Did You Know Nehru Was Once India’s Vice President? No? Watch This
Have you ever wondered what happened after the British decided to leave India? Did it happen overnight? Well, no.
(This article is being republished from The Quint’s archives to mark 2 September 1946, when the interim government of India was formed. Originally published on 2 September 2017.)
Have you ever wondered what happened after the British decided to leave India? How did the transfer of power happen? Was it an overnight process? Well, no.
Almost one year before Indian Independence Act was passed by the British government and came into being, an interim government was formed in India to facilitate the process of transition.
A Cabinet Mission of Britain was dispatched to India, especially for the purpose of assisting in formulation of manifestos and the formation of government.
On 2 September 1946, the interim government was formed to start the process of transitioning from being a British colony to an independent country.
Who Were the Members of the Interim Government?
The Viceroy’s Executive Council, which was the governing council of the British India, was replaced with the interim Cabinet. Jawaharlal Nehru of the Congress was appointed as the vice president, with powers of prime minister bestowed upon him.
The post of the President was held by Governor General of India, who was still British. While Lord Wavell held the post initially, Mountbatten was appointed to the post in March 1947.
The Muslim League, which initially boycotted the interim government, joined the Cabinet in October 1946. Mohammed Ali Jinnah, the All-India Muslim League patriarch, openly declared that the reason for joining the interim government was to “fight for the cherished goal of Pakistan”.
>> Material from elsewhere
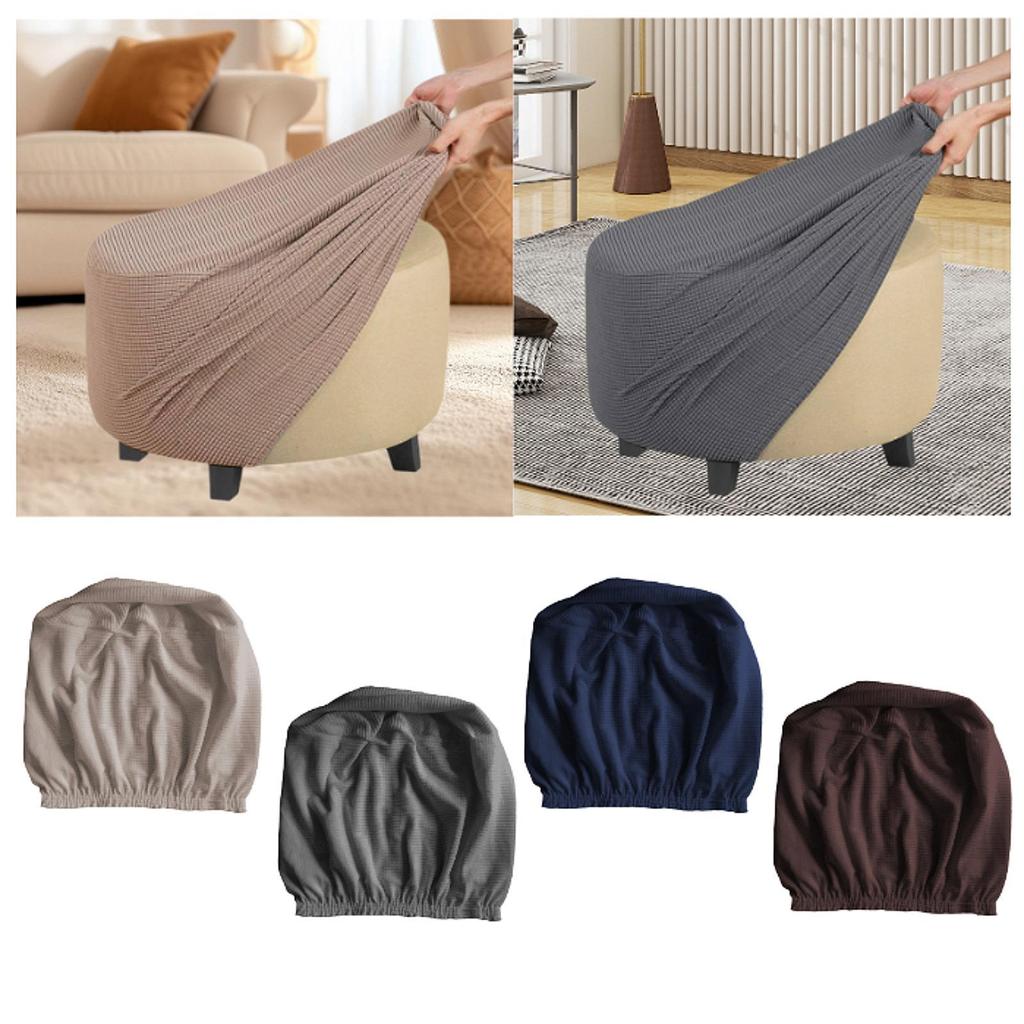 [Tachiuwa21] Ottoman Cover Foot Stool Cover สําหรับห้องนอนห้องนั่งเล่น Footrest Ottoman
The 12-member Cabinet was formed by a coalition of Congress and Muslim League members. Senior Congress leader Vallabhbhai Patel headed the Department of Home Affairs, considered the second-most powerful position in the Cabinet. The Viceroy of India and the Commander-in-Chief were also a part of the Cabinet, apart from the twelve Indians.
Liaquat Alit Khan who would eventually become Pakistan’s first prime minister was made the finance minister in the interim government.
India’s first president Rajendra Prasad was also a part of the interim government. Sikh leader Baldev Singh was given the defence portfolio, while C Rajagopalachari was named to head the Department of Education.
Dalit leader and the father of former speaker Meira Kumar, Jagjivan Ram, was given charge of the Department of Labour. Muslim League leaders Abdur Nishtar and Ibrahim Ismail headed the departments of air and commerce respectively.
The League, which was also allotted the Law portfolio, nominated Jogendra Nath Mandal to the post.
The Constituent Assembly Hitch
A recurring problem for the interim government was their inability to see eye to eye on deciding the members of the Constituent Assembly. Members of this assembly would pen the Indian Constitution, post independence.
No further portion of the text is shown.